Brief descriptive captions
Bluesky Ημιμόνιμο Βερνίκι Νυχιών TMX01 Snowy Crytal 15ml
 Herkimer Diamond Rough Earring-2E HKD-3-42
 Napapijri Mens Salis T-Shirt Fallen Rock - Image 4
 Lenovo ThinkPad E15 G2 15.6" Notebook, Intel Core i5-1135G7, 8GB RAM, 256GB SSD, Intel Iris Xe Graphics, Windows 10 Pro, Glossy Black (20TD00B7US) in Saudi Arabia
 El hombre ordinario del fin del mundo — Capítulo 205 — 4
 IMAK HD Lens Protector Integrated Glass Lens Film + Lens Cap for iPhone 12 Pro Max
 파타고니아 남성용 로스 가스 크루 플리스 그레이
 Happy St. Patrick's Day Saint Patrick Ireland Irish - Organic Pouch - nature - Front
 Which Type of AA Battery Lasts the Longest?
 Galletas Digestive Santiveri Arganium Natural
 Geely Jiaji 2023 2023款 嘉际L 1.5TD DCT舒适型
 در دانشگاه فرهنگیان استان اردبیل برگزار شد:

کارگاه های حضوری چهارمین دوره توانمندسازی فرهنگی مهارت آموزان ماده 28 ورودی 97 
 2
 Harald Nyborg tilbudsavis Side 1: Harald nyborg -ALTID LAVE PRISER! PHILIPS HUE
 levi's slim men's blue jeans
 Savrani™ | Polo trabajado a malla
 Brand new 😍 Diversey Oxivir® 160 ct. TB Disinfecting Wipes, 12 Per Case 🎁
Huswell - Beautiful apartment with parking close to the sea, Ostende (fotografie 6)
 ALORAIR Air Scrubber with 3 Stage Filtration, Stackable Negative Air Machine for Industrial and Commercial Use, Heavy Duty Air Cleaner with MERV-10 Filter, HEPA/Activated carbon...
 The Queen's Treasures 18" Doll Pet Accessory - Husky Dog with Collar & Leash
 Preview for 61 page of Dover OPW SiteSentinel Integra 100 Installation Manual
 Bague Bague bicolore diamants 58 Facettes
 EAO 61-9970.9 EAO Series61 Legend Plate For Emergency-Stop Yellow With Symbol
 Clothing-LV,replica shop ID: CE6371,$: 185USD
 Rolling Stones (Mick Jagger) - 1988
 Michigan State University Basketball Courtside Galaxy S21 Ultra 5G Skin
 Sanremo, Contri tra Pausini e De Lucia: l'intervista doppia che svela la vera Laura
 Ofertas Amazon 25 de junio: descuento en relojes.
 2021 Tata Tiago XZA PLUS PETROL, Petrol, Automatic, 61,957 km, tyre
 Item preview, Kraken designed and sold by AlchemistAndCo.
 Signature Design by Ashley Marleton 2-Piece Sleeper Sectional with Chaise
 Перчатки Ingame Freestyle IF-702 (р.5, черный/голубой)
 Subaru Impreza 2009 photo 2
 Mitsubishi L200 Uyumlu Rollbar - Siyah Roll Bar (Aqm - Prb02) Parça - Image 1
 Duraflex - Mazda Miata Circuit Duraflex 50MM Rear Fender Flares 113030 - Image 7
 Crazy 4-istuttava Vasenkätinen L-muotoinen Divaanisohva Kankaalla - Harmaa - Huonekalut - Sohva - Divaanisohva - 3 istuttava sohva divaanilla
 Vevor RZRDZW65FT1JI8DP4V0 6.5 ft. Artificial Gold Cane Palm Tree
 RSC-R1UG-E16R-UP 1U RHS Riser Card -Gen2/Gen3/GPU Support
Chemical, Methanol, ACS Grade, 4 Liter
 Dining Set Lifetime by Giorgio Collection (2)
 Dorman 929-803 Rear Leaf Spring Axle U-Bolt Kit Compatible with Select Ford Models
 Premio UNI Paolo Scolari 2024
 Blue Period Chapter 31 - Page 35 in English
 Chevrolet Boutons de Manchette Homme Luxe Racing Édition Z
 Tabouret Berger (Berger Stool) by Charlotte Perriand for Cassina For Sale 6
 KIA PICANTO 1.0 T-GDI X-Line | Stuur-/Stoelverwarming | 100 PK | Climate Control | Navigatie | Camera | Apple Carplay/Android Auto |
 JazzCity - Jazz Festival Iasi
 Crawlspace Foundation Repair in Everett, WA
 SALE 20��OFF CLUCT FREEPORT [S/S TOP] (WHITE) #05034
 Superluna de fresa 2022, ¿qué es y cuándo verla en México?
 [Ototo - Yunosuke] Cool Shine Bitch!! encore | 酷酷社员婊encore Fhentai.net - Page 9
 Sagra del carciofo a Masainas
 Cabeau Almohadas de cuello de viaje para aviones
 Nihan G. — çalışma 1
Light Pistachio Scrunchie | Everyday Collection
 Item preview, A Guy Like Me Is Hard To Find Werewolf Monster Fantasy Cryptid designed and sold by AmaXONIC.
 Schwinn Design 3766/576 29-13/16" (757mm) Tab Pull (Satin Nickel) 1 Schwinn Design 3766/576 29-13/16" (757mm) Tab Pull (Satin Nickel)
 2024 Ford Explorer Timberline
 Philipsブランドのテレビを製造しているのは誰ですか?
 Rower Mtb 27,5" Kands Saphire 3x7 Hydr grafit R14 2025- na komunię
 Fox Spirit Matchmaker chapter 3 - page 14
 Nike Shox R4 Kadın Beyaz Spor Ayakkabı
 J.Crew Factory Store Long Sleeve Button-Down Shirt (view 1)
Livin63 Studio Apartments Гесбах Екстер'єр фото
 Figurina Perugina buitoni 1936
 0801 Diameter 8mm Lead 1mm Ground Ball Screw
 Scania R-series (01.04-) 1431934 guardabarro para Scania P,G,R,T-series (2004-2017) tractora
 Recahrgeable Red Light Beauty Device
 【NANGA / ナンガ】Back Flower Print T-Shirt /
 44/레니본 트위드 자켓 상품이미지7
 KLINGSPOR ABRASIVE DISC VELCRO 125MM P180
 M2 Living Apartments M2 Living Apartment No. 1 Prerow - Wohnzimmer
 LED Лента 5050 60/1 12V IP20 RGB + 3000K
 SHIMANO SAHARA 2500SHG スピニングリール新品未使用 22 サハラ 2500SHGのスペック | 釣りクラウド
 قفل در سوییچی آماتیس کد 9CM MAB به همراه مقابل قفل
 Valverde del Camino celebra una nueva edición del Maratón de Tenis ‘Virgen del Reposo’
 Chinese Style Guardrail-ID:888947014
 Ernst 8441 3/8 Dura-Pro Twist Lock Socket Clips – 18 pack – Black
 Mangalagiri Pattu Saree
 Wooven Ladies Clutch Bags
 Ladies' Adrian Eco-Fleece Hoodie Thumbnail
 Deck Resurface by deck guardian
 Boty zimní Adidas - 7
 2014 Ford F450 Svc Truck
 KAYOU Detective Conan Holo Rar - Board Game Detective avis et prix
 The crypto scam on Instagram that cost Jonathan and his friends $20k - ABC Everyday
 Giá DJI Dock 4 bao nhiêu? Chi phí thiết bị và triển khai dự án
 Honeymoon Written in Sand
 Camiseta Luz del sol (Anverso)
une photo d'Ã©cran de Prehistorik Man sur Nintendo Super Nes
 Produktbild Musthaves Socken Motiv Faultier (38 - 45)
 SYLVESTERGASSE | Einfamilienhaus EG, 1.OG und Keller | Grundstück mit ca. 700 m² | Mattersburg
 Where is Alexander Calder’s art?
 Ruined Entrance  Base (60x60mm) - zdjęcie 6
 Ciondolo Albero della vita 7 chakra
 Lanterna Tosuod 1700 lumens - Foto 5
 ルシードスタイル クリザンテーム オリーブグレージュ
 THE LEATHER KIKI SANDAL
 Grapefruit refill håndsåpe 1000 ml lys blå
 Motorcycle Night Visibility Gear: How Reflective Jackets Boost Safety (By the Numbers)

> What is expected: For every record above, print an exact copy.

> Exercise solution:
Bluesky Ημιμόνιμο Βερνίκι Νυχιών TMX01 Snowy Crytal 15ml
 Herkimer Diamond Rough Earring-2E HKD-3-42
 Napapijri Mens Salis T-Shirt Fallen Rock - Image 4
 Lenovo ThinkPad E15 G2 15.6" Notebook, Intel Core i5-1135G7, 8GB RAM, 256GB SSD, Intel Iris Xe Graphics, Windows 10 Pro, Glossy Black (20TD00B7US) in Saudi Arabia
 El hombre ordinario del fin del mundo — Capítulo 205 — 4
 IMAK HD Lens Protector Integrated Glass Lens Film + Lens Cap for iPhone 12 Pro Max
 파타고니아 남성용 로스 가스 크루 플리스 그레이
 Happy St. Patrick's Day Saint Patrick Ireland Irish - Organic Pouch - nature - Front
 Which Type of AA Battery Lasts the Longest?
 Galletas Digestive Santiveri Arganium Natural
 Geely Jiaji 2023 2023款 嘉际L 1.5TD DCT舒适型
 در دانشگاه فرهنگیان استان اردبیل برگزار شد:

کارگاه های حضوری چهارمین دوره توانمندسازی فرهنگی مهارت آموزان ماده 28 ورودی 97 
 2
 Harald Nyborg tilbudsavis Side 1: Harald nyborg -ALTID LAVE PRISER! PHILIPS HUE
 levi's slim men's blue jeans
 Savrani™ | Polo trabajado a malla
 Brand new 😍 Diversey Oxivir® 160 ct. TB Disinfecting Wipes, 12 Per Case 🎁
Huswell - Beautiful apartment with parking close to the sea, Ostende (fotografie 6)
 ALORAIR Air Scrubber with 3 Stage Filtration, Stackable Negative Air Machine for Industrial and Commercial Use, Heavy Duty Air Cleaner with MERV-10 Filter, HEPA/Activated carbon...
 The Queen's Treasures 18" Doll Pet Accessory - Husky Dog with Collar & Leash
 Preview for 61 page of Dover OPW SiteSentinel Integra 100 Installation Manual
 Bague Bague bicolore diamants 58 Facettes
 EAO 61-9970.9 EAO Series61 Legend Plate For Emergency-Stop Yellow With Symbol
 Clothing-LV,replica shop ID: CE6371,$: 185USD
 Rolling Stones (Mick Jagger) - 1988
 Michigan State University Basketball Courtside Galaxy S21 Ultra 5G Skin
 Sanremo, Contri tra Pausini e De Lucia: l'intervista doppia che svela la vera Laura
 Ofertas Amazon 25 de junio: descuento en relojes.
 2021 Tata Tiago XZA PLUS PETROL, Petrol, Automatic, 61,957 km, tyre
 Item preview, Kraken designed and sold by AlchemistAndCo.
 Signature Design by Ashley Marleton 2-Piece Sleeper Sectional with Chaise
 Перчатки Ingame Freestyle IF-702 (р.5, черный/голубой)
 Subaru Impreza 2009 photo 2
 Mitsubishi L200 Uyumlu Rollbar - Siyah Roll Bar (Aqm - Prb02) Parça - Image 1
 Duraflex - Mazda Miata Circuit Duraflex 50MM Rear Fender Flares 113030 - Image 7
 Crazy 4-istuttava Vasenkätinen L-muotoinen Divaanisohva Kankaalla - Harmaa - Huonekalut - Sohva - Divaanisohva - 3 istuttava sohva divaanilla
 Vevor RZRDZW65FT1JI8DP4V0 6.5 ft. Artificial Gold Cane Palm Tree
 RSC-R1UG-E16R-UP 1U RHS Riser Card -Gen2/Gen3/GPU Support
Chemical, Methanol, ACS Grade, 4 Liter
 Dining Set Lifetime by Giorgio Collection (2)
 Dorman 929-803 Rear Leaf Spring Axle U-Bolt Kit Compatible with Select Ford Models
 Premio UNI Paolo Scolari 2024
 Blue Period Chapter 31 - Page 35 in English
 Chevrolet Boutons de Manchette Homme Luxe Racing Édition Z
 Tabouret Berger (Berger Stool) by Charlotte Perriand for Cassina For Sale 6
 KIA PICANTO 1.0 T-GDI X-Line | Stuur-/Stoelverwarming | 100 PK | Climate Control | Navigatie | Camera | Apple Carplay/Android Auto |
 JazzCity - Jazz Festival Iasi
 Crawlspace Foundation Repair in Everett, WA
 SALE 20��OFF CLUCT FREEPORT [S/S TOP] (WHITE) #05034
 Superluna de fresa 2022, ¿qué es y cuándo verla en México?
 [Ototo - Yunosuke] Cool Shine Bitch!! encore | 酷酷社员婊encore Fhentai.net - Page 9
 Sagra del carciofo a Masainas
 Cabeau Almohadas de cuello de viaje para aviones
 Nihan G. — çalışma 1
Light Pistachio Scrunchie | Everyday Collection
 Item preview, A Guy Like Me Is Hard To Find Werewolf Monster Fantasy Cryptid designed and sold by AmaXONIC.
 Schwinn Design 3766/576 29-13/16" (757mm) Tab Pull (Satin Nickel) 1 Schwinn Design 3766/576 29-13/16" (757mm) Tab Pull (Satin Nickel)
 2024 Ford Explorer Timberline
 Philipsブランドのテレビを製造しているのは誰ですか?
 Rower Mtb 27,5" Kands Saphire 3x7 Hydr grafit R14 2025- na komunię
 Fox Spirit Matchmaker chapter 3 - page 14
 Nike Shox R4 Kadın Beyaz Spor Ayakkabı
 J.Crew Factory Store Long Sleeve Button-Down Shirt (view 1)
Livin63 Studio Apartments Гесбах Екстер'єр фото
 Figurina Perugina buitoni 1936
 0801 Diameter 8mm Lead 1mm Ground Ball Screw
 Scania R-series (01.04-) 1431934 guardabarro para Scania P,G,R,T-series (2004-2017) tractora
 Recahrgeable Red Light Beauty Device
 【NANGA / ナンガ】Back Flower Print T-Shirt /
 44/레니본 트위드 자켓 상품이미지7
 KLINGSPOR ABRASIVE DISC VELCRO 125MM P180
 M2 Living Apartments M2 Living Apartment No. 1 Prerow - Wohnzimmer
 LED Лента 5050 60/1 12V IP20 RGB + 3000K
 SHIMANO SAHARA 2500SHG スピニングリール新品未使用 22 サハラ 2500SHGのスペック | 釣りクラウド
 قفل در سوییچی آماتیس کد 9CM MAB به همراه مقابل قفل
 Valverde del Camino celebra una nueva edición del Maratón de Tenis ‘Virgen del Reposo’
 Chinese Style Guardrail-ID:888947014
 Ernst 8441 3/8 Dura-Pro Twist Lock Socket Clips – 18 pack – Black
 Mangalagiri Pattu Saree
 Wooven Ladies Clutch Bags
 Ladies' Adrian Eco-Fleece Hoodie Thumbnail
 Deck Resurface by deck guardian
 Boty zimní Adidas - 7
 2014 Ford F450 Svc Truck
 KAYOU Detective Conan Holo Rar - Board Game Detective avis et prix
 The crypto scam on Instagram that cost Jonathan and his friends $20k - ABC Everyday
 Giá DJI Dock 4 bao nhiêu? Chi phí thiết bị và triển khai dự án
 Honeymoon Written in Sand
 Camiseta Luz del sol (Anverso)
une photo d'Ã©cran de Prehistorik Man sur Nintendo Super Nes
 Produktbild Musthaves Socken Motiv Faultier (38 - 45)
 SYLVESTERGASSE | Einfamilienhaus EG, 1.OG und Keller | Grundstück mit ca. 700 m² | Mattersburg
 Where is Alexander Calder’s art?
 Ruined Entrance  Base (60x60mm) - zdjęcie 6
 Ciondolo Albero della vita 7 chakra
 Lanterna Tosuod 1700 lumens - Foto 5
 ルシードスタイル クリザンテーム オリーブグレージュ
 THE LEATHER KIKI SANDAL
 Grapefruit refill håndsåpe 1000 ml lys blå
 Motorcycle Night Visibility Gear: How Reflective Jackets Boost Safety (By the Numbers)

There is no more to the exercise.